Impossible de réduire la romancière au succès posthume et universel de Suite française,chronique cruelle et drôle de l’Exode et de l’Occupation, mais aussi expression d’une réticence à « vivre, penser, aimer avec les autres, en fonction d’un État, d’un pays, d’un parti ».
Rétive à tout « destin communautaire », Irène Némirovsky n’a jamais nié qu’elle était juive ; mais elle ne s’en fait pas gloire, n’abdique rien au « sang âcre et maudit » de sa mère et reçoit le baptême en 1939, à défaut de la nationalité française. Du Bal (1929) aux Chiens et les Loups(1940), elle ne cesse pourtant d’inviter dans son œuvre ces personnages d’étrangers indésirables, sans pitié mais non sans tendresse, et présente à la France des années de crise le miroir déplaisant de la xénophobie. Au risque, parfois, d’être mésinterprétée : ainsi David Golder, le roman qui la rendit célèbre et suspecte à la fois.
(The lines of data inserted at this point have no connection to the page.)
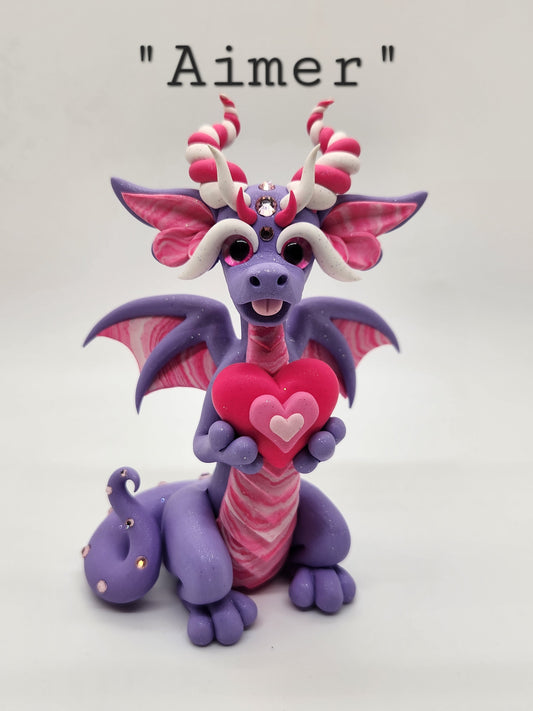 "Aimer" purple and pink Valentine's Dragon sculpture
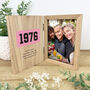 Personalised Year Milestone Wooden Book Frame For Birthday Or Anniversary Gift, thumbnail 1 of 8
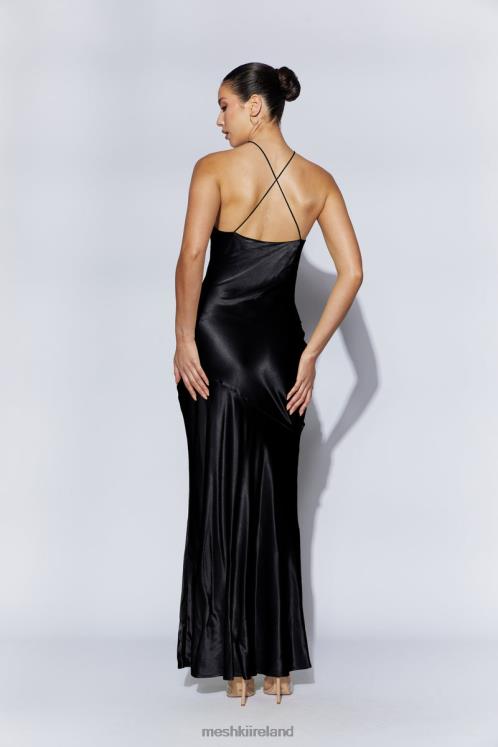 Meshki Avery Satin Maxi Halter Dress Clothing Black 6DX22444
L’orgueil de l’artiste, le talent de la satiriste, le rejet des hérédités, le dédain de la politique, mêlés au désir mimétique de devenir française, ont pu aveugler cette femme dont l’œuvre est si lucide. Réfugiée en 1940 dans un village du Morvan, mère de deux filles, apatride au regard de la loi, contrainte de publier sous un prête-nom, elle est arrêtée le 13 juillet 1942 par la police, puis déportée à Auschwitz alors qu’elle élaborait la troisième partie de son roman-fleuve, intitulée Captivité.